Yes. I was a journalist - I don't think I'm the first news reporter to harbour literary ambitions. I've written a few non-fiction books, which is satisfying but completely different from writing novels. For a start, you're dealing with facts rather than the contents of your head. Novel writing can be painful, slow, agonising work, but I love a challenge and there's nothing more challenging than a blank screen.
Is this the beginning of a series? Where will it go next?

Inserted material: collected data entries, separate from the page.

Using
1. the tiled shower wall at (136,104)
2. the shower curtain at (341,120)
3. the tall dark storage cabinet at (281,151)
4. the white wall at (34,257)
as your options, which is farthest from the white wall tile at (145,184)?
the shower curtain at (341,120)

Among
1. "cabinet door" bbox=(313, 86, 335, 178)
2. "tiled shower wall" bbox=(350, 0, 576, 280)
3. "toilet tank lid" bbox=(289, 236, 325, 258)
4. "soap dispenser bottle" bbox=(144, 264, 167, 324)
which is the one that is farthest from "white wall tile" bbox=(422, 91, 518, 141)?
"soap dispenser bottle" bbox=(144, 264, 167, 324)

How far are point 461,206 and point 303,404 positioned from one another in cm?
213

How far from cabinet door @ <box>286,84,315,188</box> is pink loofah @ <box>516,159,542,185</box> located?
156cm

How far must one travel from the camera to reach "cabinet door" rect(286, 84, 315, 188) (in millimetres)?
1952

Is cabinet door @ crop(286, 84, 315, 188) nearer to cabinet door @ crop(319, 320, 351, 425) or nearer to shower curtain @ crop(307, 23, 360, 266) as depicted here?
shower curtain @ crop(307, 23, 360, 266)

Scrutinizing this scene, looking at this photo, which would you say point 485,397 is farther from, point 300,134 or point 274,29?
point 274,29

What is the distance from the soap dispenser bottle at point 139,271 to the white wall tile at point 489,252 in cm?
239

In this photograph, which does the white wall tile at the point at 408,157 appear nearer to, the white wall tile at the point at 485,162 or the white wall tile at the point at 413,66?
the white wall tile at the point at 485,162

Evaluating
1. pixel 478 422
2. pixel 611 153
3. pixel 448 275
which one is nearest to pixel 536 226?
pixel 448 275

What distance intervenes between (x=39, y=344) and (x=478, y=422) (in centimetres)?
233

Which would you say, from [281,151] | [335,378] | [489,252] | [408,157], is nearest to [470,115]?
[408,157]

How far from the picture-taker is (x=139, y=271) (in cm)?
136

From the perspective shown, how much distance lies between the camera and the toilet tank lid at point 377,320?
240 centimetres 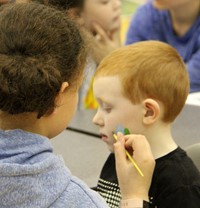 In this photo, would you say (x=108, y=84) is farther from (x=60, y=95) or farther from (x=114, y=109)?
(x=60, y=95)

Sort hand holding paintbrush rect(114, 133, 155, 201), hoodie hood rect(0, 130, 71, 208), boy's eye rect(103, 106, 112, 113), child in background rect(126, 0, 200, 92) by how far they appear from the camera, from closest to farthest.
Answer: hoodie hood rect(0, 130, 71, 208) < hand holding paintbrush rect(114, 133, 155, 201) < boy's eye rect(103, 106, 112, 113) < child in background rect(126, 0, 200, 92)

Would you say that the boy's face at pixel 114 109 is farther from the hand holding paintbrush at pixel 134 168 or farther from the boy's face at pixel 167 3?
the boy's face at pixel 167 3

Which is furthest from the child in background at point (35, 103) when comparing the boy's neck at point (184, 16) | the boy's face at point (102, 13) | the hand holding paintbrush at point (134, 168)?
the boy's neck at point (184, 16)

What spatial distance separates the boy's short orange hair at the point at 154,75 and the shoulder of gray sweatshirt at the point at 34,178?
1.08ft

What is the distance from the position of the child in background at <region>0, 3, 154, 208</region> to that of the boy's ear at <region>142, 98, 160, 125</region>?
0.87 feet

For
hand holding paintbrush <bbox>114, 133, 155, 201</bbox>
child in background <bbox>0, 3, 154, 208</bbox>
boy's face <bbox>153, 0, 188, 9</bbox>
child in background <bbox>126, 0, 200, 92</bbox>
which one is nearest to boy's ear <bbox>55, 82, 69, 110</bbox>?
child in background <bbox>0, 3, 154, 208</bbox>

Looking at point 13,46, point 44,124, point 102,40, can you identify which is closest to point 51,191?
point 44,124

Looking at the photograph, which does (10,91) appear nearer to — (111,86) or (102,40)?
(111,86)

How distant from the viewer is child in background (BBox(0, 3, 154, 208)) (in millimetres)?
855

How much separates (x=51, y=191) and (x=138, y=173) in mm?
272

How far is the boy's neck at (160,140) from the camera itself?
118 cm

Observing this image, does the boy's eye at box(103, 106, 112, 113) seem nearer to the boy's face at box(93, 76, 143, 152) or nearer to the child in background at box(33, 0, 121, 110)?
the boy's face at box(93, 76, 143, 152)

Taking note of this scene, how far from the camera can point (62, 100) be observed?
0.93 m

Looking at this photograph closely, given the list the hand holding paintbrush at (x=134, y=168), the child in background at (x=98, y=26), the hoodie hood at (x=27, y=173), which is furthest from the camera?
the child in background at (x=98, y=26) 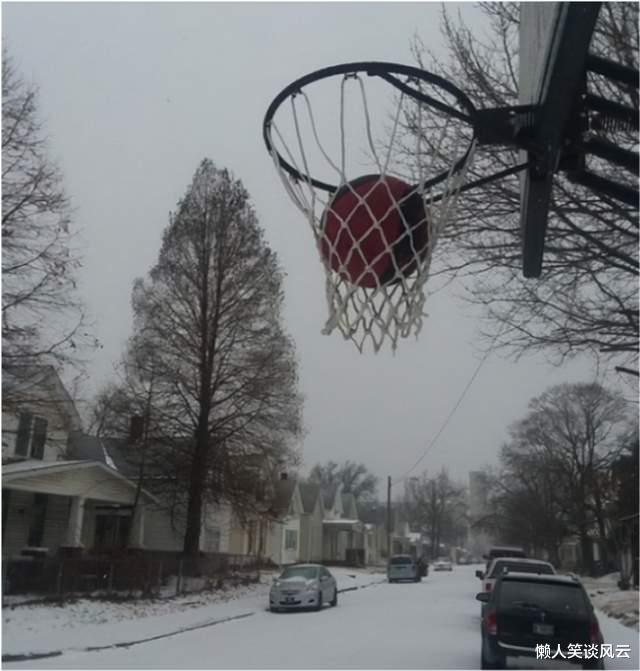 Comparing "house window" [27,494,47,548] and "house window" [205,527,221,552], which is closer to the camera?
"house window" [27,494,47,548]

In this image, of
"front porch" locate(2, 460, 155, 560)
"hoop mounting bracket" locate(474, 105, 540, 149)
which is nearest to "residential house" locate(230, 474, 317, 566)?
"front porch" locate(2, 460, 155, 560)

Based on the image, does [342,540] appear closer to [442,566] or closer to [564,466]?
[564,466]

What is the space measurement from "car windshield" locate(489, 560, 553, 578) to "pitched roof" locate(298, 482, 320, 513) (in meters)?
36.1

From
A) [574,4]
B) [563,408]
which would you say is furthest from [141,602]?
[563,408]

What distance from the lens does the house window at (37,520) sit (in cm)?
2375

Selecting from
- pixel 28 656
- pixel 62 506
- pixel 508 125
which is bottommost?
pixel 28 656

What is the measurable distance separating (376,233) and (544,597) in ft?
19.2

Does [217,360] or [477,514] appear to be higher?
[217,360]

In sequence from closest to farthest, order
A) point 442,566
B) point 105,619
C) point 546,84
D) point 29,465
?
point 546,84
point 105,619
point 29,465
point 442,566

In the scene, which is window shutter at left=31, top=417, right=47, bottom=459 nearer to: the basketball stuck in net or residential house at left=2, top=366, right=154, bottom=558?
residential house at left=2, top=366, right=154, bottom=558

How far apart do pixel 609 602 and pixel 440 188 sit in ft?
45.5

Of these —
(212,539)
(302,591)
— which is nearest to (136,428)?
(302,591)

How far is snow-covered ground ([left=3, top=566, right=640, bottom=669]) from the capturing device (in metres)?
9.88

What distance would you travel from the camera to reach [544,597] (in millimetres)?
8523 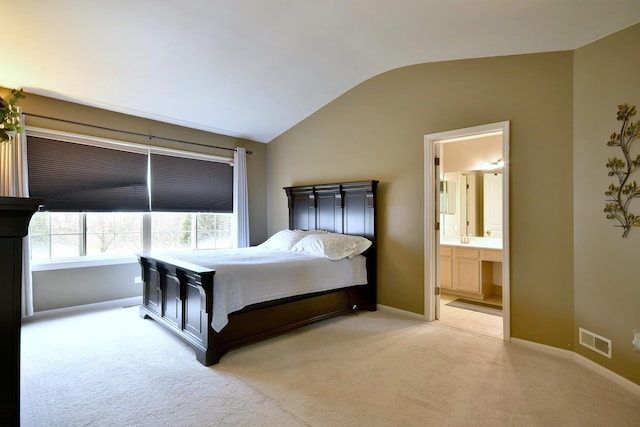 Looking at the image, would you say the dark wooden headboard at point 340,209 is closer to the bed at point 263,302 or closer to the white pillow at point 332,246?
the bed at point 263,302

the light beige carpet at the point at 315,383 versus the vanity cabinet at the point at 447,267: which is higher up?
the vanity cabinet at the point at 447,267

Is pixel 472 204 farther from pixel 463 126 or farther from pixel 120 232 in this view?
pixel 120 232

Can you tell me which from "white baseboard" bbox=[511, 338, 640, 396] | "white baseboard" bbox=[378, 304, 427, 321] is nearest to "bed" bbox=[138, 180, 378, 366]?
"white baseboard" bbox=[378, 304, 427, 321]

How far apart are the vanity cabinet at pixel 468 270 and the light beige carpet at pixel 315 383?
157 cm

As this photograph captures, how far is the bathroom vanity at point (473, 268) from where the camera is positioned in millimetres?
4766

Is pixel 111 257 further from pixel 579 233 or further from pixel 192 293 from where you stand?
pixel 579 233

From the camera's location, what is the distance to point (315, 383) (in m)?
2.42

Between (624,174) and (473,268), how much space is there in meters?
2.61

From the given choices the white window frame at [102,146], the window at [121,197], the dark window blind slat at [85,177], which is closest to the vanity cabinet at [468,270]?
the window at [121,197]

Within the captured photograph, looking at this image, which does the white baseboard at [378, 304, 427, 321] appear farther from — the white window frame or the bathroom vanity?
the white window frame

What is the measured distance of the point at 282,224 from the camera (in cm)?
567

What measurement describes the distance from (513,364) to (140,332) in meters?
3.53

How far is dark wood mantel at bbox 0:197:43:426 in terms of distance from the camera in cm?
99

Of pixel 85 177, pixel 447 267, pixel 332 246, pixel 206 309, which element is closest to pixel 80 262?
pixel 85 177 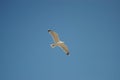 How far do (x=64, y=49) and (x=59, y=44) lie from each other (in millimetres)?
757

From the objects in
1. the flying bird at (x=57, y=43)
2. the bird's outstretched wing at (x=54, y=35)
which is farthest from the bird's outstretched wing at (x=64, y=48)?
the bird's outstretched wing at (x=54, y=35)

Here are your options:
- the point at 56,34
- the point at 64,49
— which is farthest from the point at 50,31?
the point at 64,49

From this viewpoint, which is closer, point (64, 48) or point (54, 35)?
point (54, 35)

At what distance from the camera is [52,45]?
26.4 metres

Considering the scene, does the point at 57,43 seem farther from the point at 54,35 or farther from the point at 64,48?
the point at 64,48

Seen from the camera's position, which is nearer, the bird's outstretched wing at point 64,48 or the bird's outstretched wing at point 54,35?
the bird's outstretched wing at point 54,35

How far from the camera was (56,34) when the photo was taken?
26.3 meters

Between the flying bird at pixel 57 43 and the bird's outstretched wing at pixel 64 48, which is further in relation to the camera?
the bird's outstretched wing at pixel 64 48

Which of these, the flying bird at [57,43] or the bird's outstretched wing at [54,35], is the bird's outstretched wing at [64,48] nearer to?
the flying bird at [57,43]

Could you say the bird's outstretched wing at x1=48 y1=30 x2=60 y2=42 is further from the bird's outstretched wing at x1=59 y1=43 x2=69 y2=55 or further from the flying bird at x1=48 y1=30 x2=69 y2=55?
the bird's outstretched wing at x1=59 y1=43 x2=69 y2=55

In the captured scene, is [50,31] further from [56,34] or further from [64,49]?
[64,49]

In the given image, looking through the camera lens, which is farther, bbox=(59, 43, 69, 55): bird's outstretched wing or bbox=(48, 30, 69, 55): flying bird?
bbox=(59, 43, 69, 55): bird's outstretched wing

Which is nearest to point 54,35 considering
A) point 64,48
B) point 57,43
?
point 57,43

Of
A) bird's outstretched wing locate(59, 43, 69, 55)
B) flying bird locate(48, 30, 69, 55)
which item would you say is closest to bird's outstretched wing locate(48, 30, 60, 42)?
flying bird locate(48, 30, 69, 55) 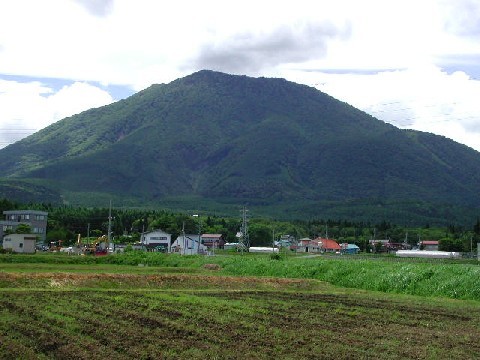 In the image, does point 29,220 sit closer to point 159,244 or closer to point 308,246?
point 159,244

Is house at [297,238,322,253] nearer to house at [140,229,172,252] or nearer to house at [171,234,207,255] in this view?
house at [171,234,207,255]

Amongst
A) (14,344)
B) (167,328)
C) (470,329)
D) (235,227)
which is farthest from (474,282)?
(235,227)

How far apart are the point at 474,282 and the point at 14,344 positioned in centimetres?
2709

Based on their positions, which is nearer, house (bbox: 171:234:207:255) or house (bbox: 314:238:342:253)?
house (bbox: 171:234:207:255)

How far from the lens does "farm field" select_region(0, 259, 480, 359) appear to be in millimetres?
16219

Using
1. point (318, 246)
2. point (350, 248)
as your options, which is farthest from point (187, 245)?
point (350, 248)

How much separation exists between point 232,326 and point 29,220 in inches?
3971

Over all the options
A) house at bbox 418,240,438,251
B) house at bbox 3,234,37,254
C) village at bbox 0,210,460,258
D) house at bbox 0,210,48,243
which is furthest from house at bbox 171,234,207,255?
house at bbox 418,240,438,251

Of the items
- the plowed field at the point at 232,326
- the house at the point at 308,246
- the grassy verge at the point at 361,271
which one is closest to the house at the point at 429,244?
the house at the point at 308,246

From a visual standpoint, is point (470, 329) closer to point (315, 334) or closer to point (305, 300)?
point (315, 334)

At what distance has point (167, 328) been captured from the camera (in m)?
19.6

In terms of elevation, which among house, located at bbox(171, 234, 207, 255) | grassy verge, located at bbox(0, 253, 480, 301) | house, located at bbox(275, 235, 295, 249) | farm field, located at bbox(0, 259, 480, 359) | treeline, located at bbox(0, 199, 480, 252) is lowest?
farm field, located at bbox(0, 259, 480, 359)

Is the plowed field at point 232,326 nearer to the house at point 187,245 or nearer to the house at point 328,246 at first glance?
the house at point 187,245

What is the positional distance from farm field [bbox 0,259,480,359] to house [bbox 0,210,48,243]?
3228 inches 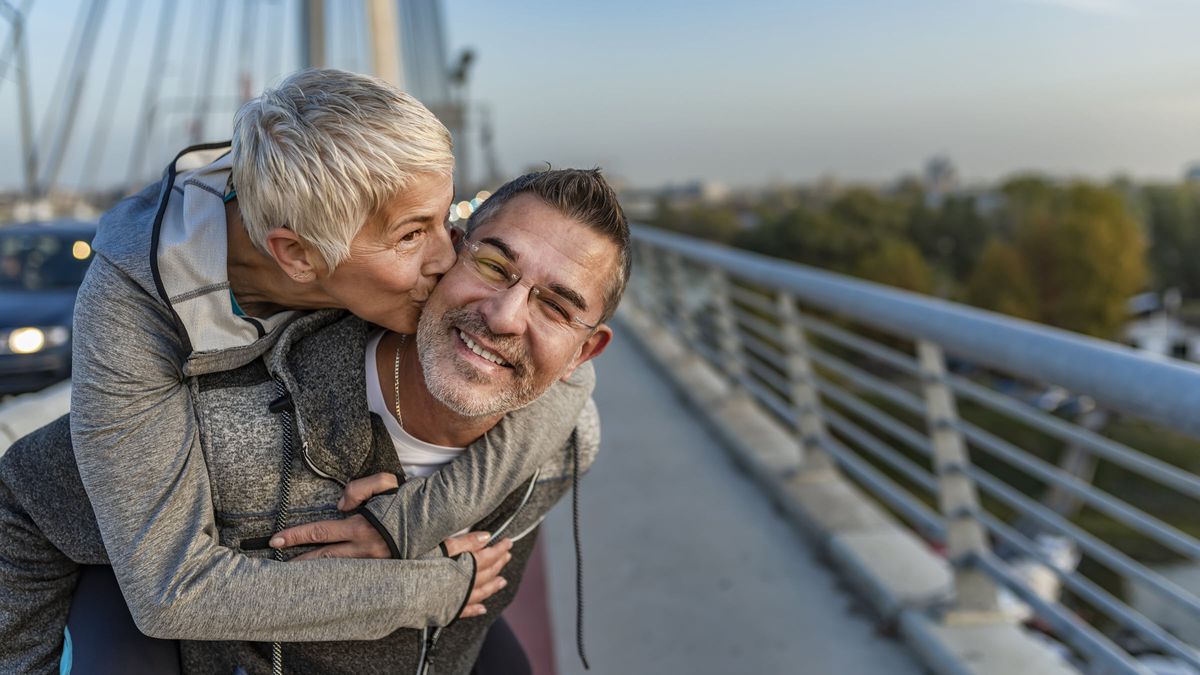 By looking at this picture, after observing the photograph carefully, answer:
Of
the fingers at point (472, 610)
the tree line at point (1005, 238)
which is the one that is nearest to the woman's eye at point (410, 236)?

Yes. Hopefully a long running one. I'm in the process of trying to finish the second. It's set six months or so after the first. The character's lives are much changed by the events of the first ones. It involves the United States and strange religious practices.
What are you reading now?
The Locked Room by Maj Sjowall and Per Wahloo, a husband and wife Swedish, Marxist crime-writing team that produced a series of ten books in the 1960s and 70s revolving around a detective called Martin Beck. They've just been reissued and are fabulously entertaining, far more so than you would expect from Swedish Marxists. I usually have some non-fiction on the go too, often to do with sport. At the moment it's a book called Murder on the Darts Board by Justin Irwin, a funny tale about a bloke quitting a well-paid job to follow his dream of playing professional darts.